SEC delays decision on Blackrock ether ETF until March

The US stock market watchdog needs more time to evaluate an ethereum-backed fund filed by giant Blackrock in November.

After spot bitcoin ETFs hit the market, will we see spot ether ETFs? To date, 9 cases have been brought before the SEC (Security and Exchange Commission) by the asset manager. This Wednesday, the U.S. exchange watchdog asked for more time to evaluate Blackrock’s filing, called the iShares Ethereum Trust, filed in November. The SEC will decide on March 10 whether to “approve or disapprove” the file.

This request for additional time will allow Blackrock to make certain adjustments to best comply with the SEC’s requirements. As a reminder, Blackrock modified its bitcoin spot ETF portfolio at the last minute, making concessions to the US stockbroker… which turned out to be a win.

While ether jumped in mid-January amid investor hopes for the arrival of spot ether ETFs, more and more experts are concerned about such a scenario. This is reflected in the price of Ether, which loses 13% in one week.

Confusion over the legal status of ether

“What we’ve done with respect to bitcoin ETFs is limited to this single unhedged commodity and should not be interpreted differently,” SEC chief Gary Gensler recently said, as reported by The Block.

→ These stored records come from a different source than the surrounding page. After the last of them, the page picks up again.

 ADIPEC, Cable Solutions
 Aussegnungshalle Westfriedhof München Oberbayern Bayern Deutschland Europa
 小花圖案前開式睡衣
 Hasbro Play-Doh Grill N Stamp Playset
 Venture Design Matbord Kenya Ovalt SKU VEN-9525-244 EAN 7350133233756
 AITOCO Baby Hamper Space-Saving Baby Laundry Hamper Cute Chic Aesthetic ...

As a reminder, Bitcoin is the only cryptocurrency that the SEC considers a “commodity” and therefore does not fall under its jurisdiction. However, the SEC did not rule on the ether case, maintaining a certain vagueness that was criticized by many members of the crypto ecosystem.

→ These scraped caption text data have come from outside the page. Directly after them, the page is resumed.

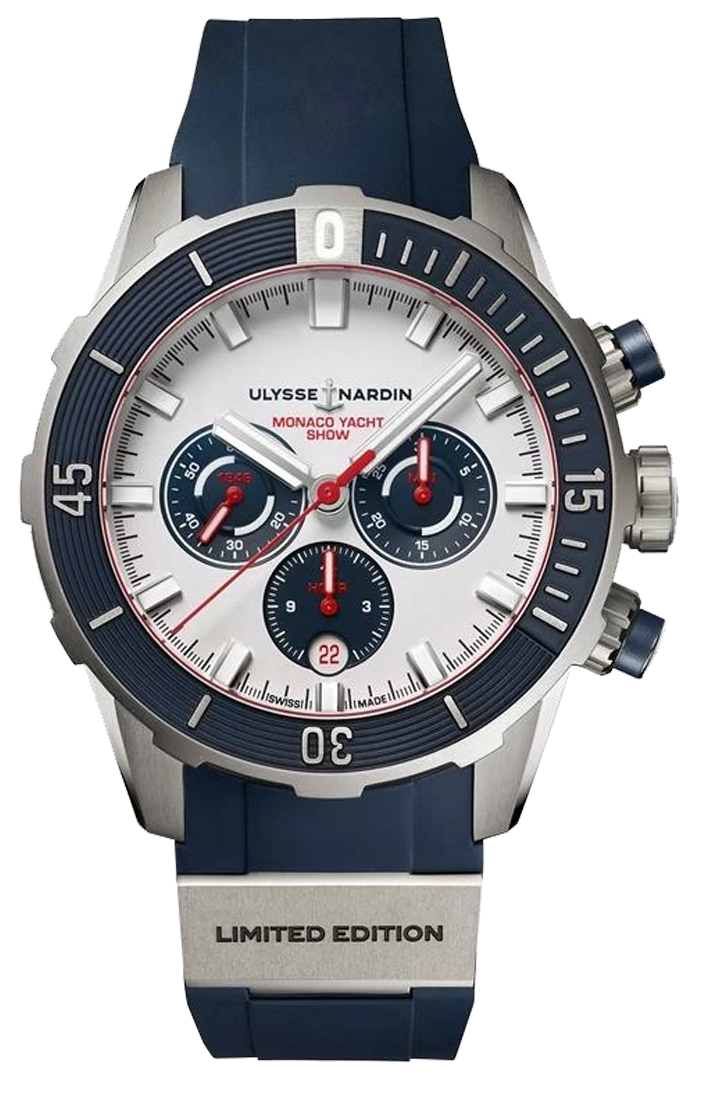 Ulysse Nardin Marine Diver Chronograph 44 mm 1503-170LE-0A-MON/3B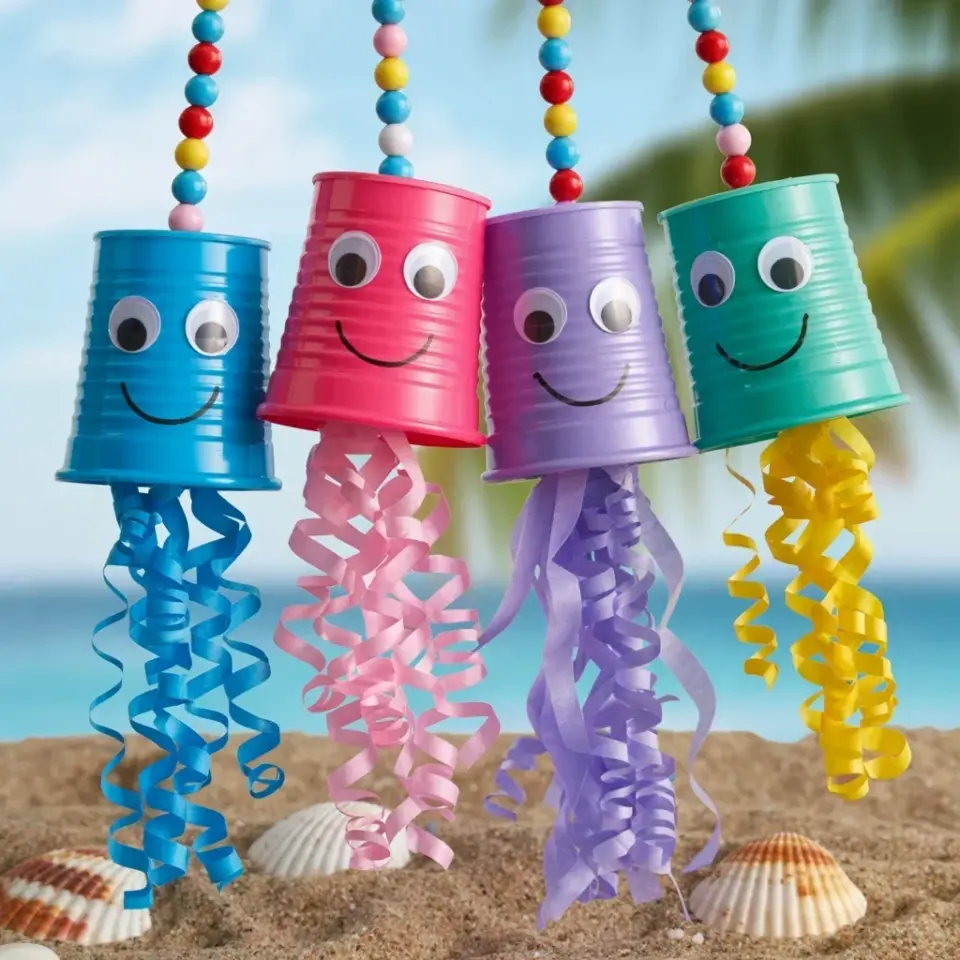 Plastic Cup Crafts for Parties: 10 Easy Dollar Store DIY Ideas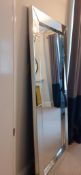 Large ornate mirror edged full length mirror - brand new, boxed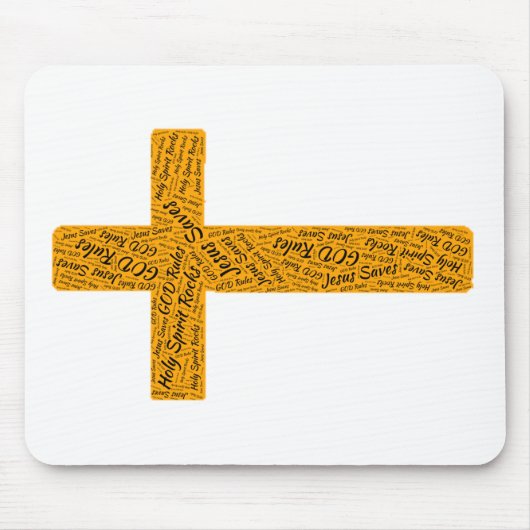 kruismuispad muismat (Voorkant)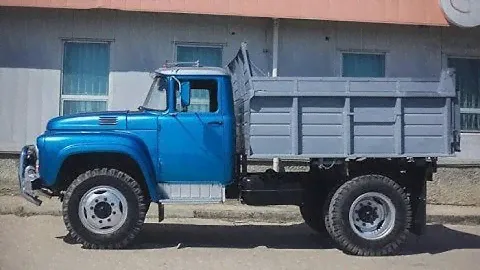 Роскошный самосвал ЗИЛ 130 за 400.000 руб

Before January 10th The SEC has only approved bitcoin futures ETFs (as of 2021), but not spot bitcoin ETFs (spot), while futures contracts are more difficult to manipulate because the market is based on futures prices from the Chicago Mercantile Exchange (CME), regulated by the Commodity Futures Trading Commission (CTFC).

An ETF (or Exchange Traded Fund) is an exchange-traded index fund that tracks the performance of a stock index (or one or more financial or physical assets such as gold) by replicating both increases and decreases in value. the price of that index (or those assets).